The GAP and the GAIN

What’s the best way to measure success?

Do you look forward at the distance between where you are and where you want to land (the gap), or do you look backwards, measuring the gains you’ve achieved since you began?

When measuring success, if you’re anything like me (or most people), you measure the gap, obsessing over an arbitrary goal. Dan Sullivan, a business coach, and Dr Benjamin Hardy, an organizational psychologist, co-authors of The Gap and the Gain, have discovered that it’s better to measure backwards. In other words, get out of the gap and into the gain.

Here’s the gist of it.

When you measure your progress (gains) rather than the gaps that remain, you eliminate the feeling of failure for not being where you think you “should be”. In brief, that positivity will fuel even more progress. 

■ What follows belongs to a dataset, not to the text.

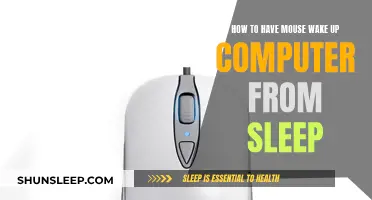 Mouse Control: Waking Up Your Computer from Sleep Mode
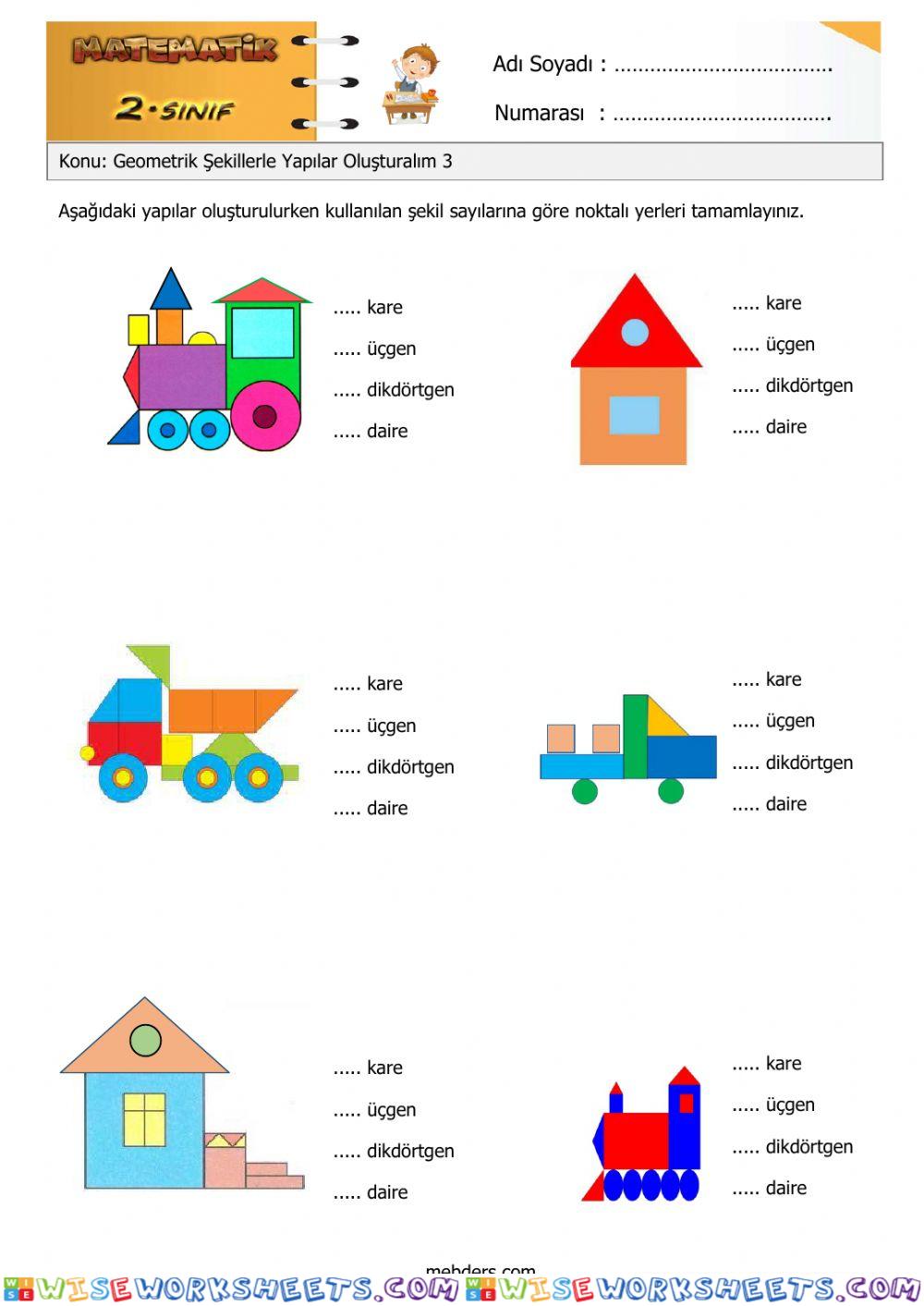 Geometrik yapılar oluşturma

The two main takeaways are:

  1. Get out of the gap. Many people aren’t happy because they’re focused on “life, liberty and the pursuit of happiness”, and that happiness is always just out of reach. It’s always in the gap. To illustrate, let’s say you were on a weight loss journey and your goal was to lose 20 pounds. You believe once you lose the weight, things will be better. You successfully lose weight. Are you happier? Or “If I just had that handbag….” It’s a treadmill. So long as you measure the gap, you’ll never get “there”. 
  2. Get into the gain. In the end, a better and more productive way to operate, personally and professionally, is to acknowledge the progress you’ve made so far. It sounds counterintuitive, but when you focus on what you’ve achieved, you become more likely to gain what you still lack. There are 3 things you need to do to get into the gain:
    1. Always measure backwards. 
    2. Every day, mark 3 gains
    3. Consider experiences to be gains.

The moral of the story? Think more about your gains. Celebrate what you’ve achieved in your life and work. After all, it’s a much better way to live and move forward. 

Lots of other great insights in “The Gap and the Gain”. It’s worth a read (or, in my case, a listen).